声を失った白鷺音羽(しらさぎ・おとは)と心を閉ざした清瀬澪(きよせ・れい)のささやかな闘いを丹念に記録した物語です。

心因性失声症を患う音羽。言葉を捨てた彼女の壮絶な音無しの世界が展開されます。
音にならない声が喉の奥で震える感覚。
音のない言葉のように微笑む心理。
この物語では私たちが普段なにげなく使っている言葉や身の回りのものにフォーカスし、その深意を投げかけてきます。

言葉で言えば、使い方次第でそれは魔法にも呪いにもなる二面性が深く訴えてきます。心の薬になれば、一方で毒にもなり得るということです。言葉を発することができない音羽にとって、受け身なく浴びせられる言葉に特別な感情が湧き起こるのです。
「伝えたい」「話したい」「叫びたい」
私たちが伝える言葉一つとっても、相手によっては全く異なった意味合いで伝わることも然りです。

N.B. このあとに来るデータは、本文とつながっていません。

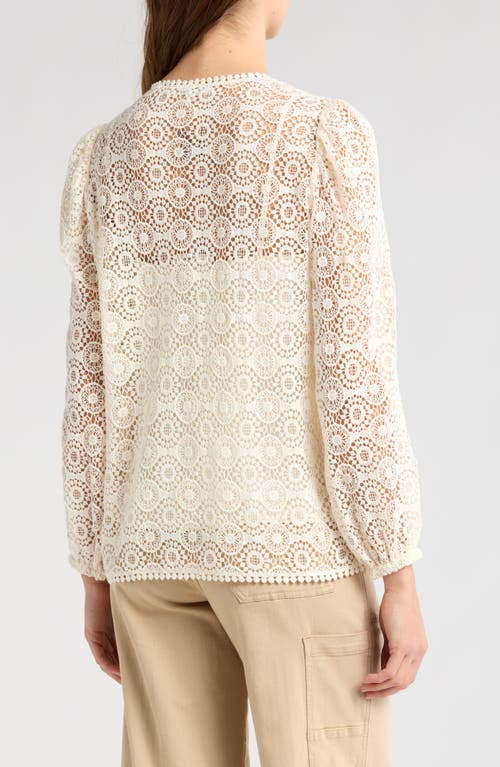 Frame Cotton Crocheted Lace Blouse In Cream
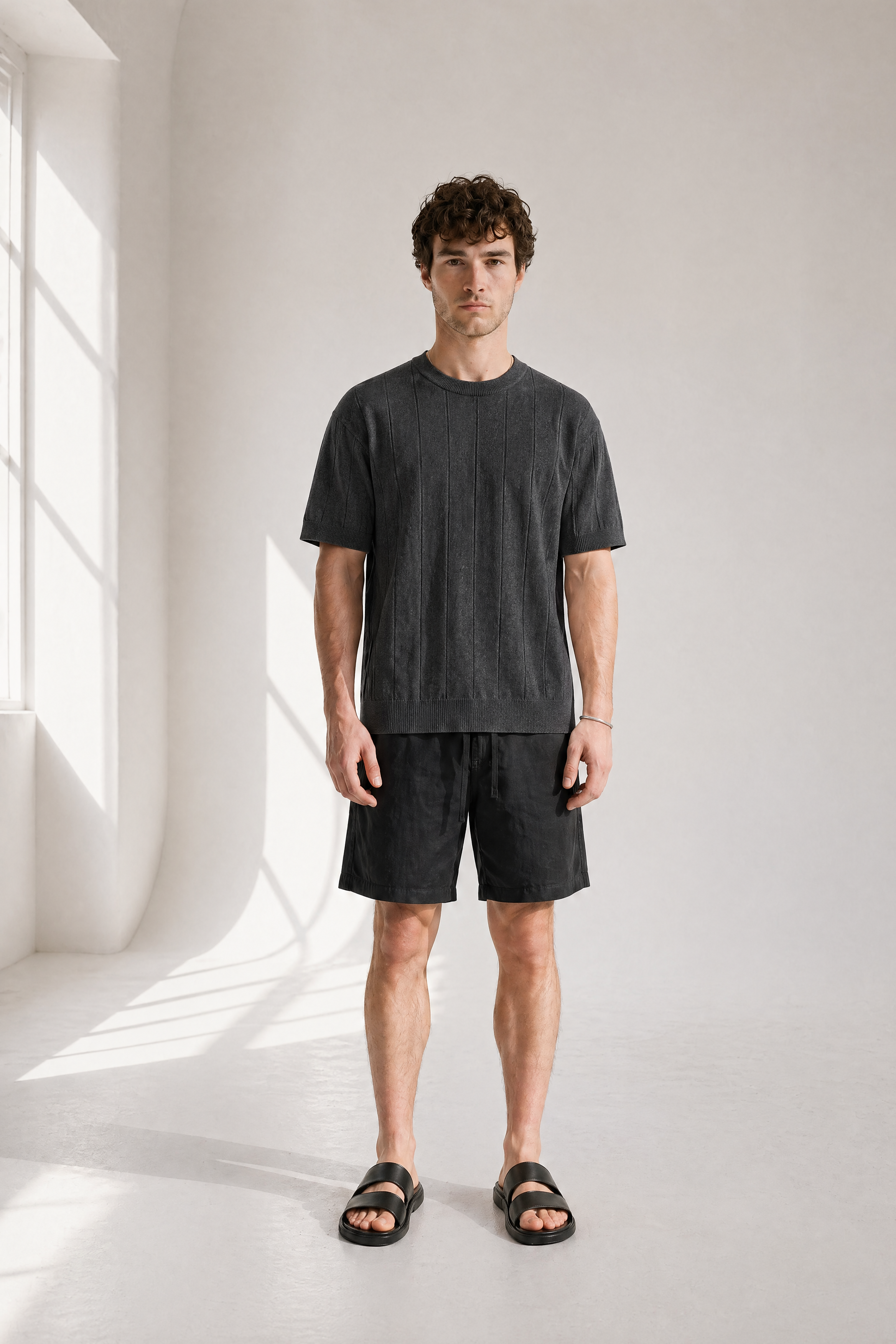 Slub Knit Tee - Charcoal - back view
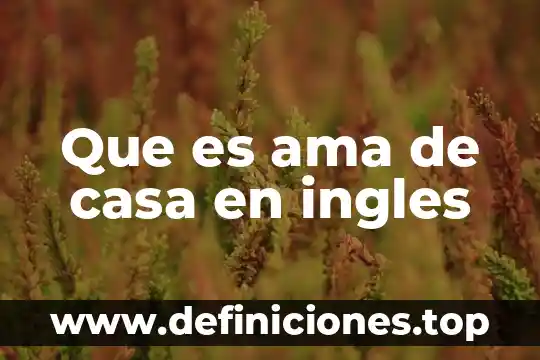 Qué es mayer en inglés 8 Que es ama de casa en ingles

それを声なき彼女は代弁してくれていると分かった時、この物語は心を突き刺し、激しく揺さぶる物語だと感じました。

また、身の回りのもので言えば「サボテン」というメタファーで音羽を表現している点も興味深いです。声を発さなくとも太陽に向かって生きるという前向きなメッセージが込められています。乾きにも、暑さにも、雨にも耐えて素敵な花を咲かせるサボテン。そんな言葉なく耐え忍ぶ植物で音なしの彼女を表現している澪の言葉もまた妙味というもの。
まさに言い得て妙ですね。

音羽の隣に座る澪。その理由が欲しいと伝え、二人の距離に変化を起こす展開も見逃せません。自然体でありながら絶妙な距離感。ほんの少し寄り添える存在として、そこはかとなく、それでいてどこか微笑ましく美しい。
彼の優しいまなざしから、飾らずに、自分らしく、ありのままでいいんだと伝わってきます。

つまづきながら声なき日々を越えて、陽の方へと希望を見出していく。言葉の力が誰かを救う優しさとなって、未来を少しずつ塗りかえていく。音羽と澪の二人を応援したくなる成長のストーリー。
必ずあなたの心に残り響くものが見つかるはずです。
どうか、手にとってみてください。